A creative, Outer Limits style tale that doesn’t quite live up to its potential, but it is well paced and there are some nice details about the psychological costs of war.

“Our Talons Can Crush Galaxies”, by Brooke Bolander (Uncanny Magazine, November 2016) 5.3
There is some solid, memorable writing here (“I was playing at being mortal this century because I love cigarettes and shawarma, and it’s easier to order shawarma if your piercing shriek doesn’t drive the delivery boy mad” is one of my faves) and the story touches on some very important and powerful themes, but it didn’t quite come together for me. It came off as a coarse rape-revenge drama, and though I appreciate the emotion that went into it, I didn’t think it worked beyond the visceral.

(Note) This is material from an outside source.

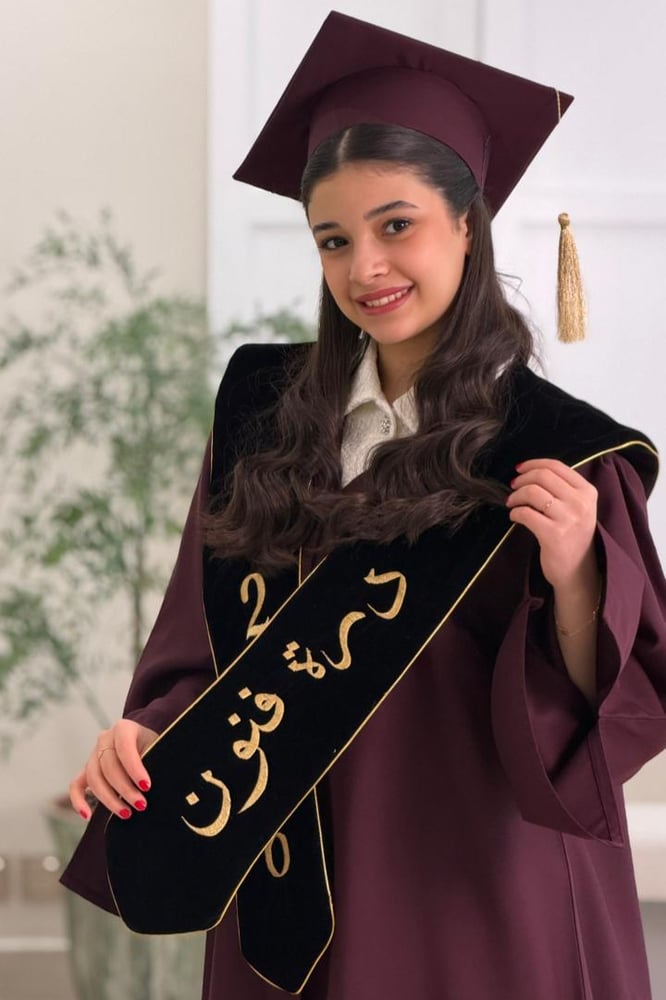 طقم عباية تخرج ليلكي عودي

“An Unimaginable Light”, by John C. Wright (God, Robot, Castalia House) 1.7                     Tone deaf prose and one-dimensional characters weigh down this abysmal tale from the once promising Wright. It quickly becomes clear that the author is using this story to air out his laundry list of grievances against the horrible horrible SJWs who are ruining science fiction and everything else in the world, puffing it up with a lot of pseudo-philosophical word salad designed to make him look superior. Boring, dumb, pointless; there is little to recommend here beyond a few fleeting moments that reminded me this guy used to know how to write.

I had four short stories on my nominating ballot: Welcome to the Medical Clinic at the Interplanetary Relay Station/Hours Since Last Patient Death: 0, Caroline M. Yoachim; Things with Beards, Sam J. Miller; Terminal, Lavie Tidhar; and The Story of Kao Yu, Peter S. Beagle. Of course, I prefer these four to all of the finalists listed above, but that’s how it goes sometimes!